El segundo tipo de muerte que vemos en los medios, y que también suele rebotar en nuestra piel, es la muerte del “famoso”: deportista, director de cine, actor, cantante… Este fin de semana nos ha asaltado una de estas muertes, la de Luis García Berlanga. Un breve reportaje de su vida, un reconocimiento de su obra, de sus logros. Un recuerdo simpático de “otros tiempos”, en el cine, en el deporte o en la investigación. La muerte está más presente de lo que algunos piensan.

Resta, sin embargo, un tercer tipo de muerte.

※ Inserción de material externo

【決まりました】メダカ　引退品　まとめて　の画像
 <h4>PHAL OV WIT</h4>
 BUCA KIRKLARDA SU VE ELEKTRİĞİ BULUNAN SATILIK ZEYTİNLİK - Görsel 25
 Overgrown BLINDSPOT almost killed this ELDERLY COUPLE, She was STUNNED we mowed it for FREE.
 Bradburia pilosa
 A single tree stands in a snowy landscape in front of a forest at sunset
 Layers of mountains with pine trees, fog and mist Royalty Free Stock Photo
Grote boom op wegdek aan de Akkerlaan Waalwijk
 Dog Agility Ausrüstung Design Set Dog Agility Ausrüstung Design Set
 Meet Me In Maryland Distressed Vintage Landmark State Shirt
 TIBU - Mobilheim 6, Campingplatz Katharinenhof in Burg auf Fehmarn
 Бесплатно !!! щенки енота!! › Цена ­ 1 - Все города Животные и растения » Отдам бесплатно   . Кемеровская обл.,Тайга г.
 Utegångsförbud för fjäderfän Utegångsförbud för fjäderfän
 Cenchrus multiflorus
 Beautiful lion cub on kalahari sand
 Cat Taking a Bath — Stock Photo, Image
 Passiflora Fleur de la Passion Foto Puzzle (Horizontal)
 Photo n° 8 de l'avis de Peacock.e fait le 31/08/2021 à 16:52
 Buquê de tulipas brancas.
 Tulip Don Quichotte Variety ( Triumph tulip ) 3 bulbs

Una muerte que no sale en los periódicos, salvo en contadas excepciones (excluyendo las esquelas). Esta muerte está escondida, y quizás ahí radique su grandeza, al no ser manoseada por los medios. Me refiero a la muerte del buen don nadie. Es la muerte que interesa y afecta sólo a un grupito de personas, familiares, algunos amigos. Pero no por ello menos presente ni menos importante.

En el primer caso, las muertes violentas suscitan en nosotros rebeldía ante la injusticia, compasión, y pocos segundos de atención. De la muerte del famoso conservamos un libro, unos DVDs o unas fotografías.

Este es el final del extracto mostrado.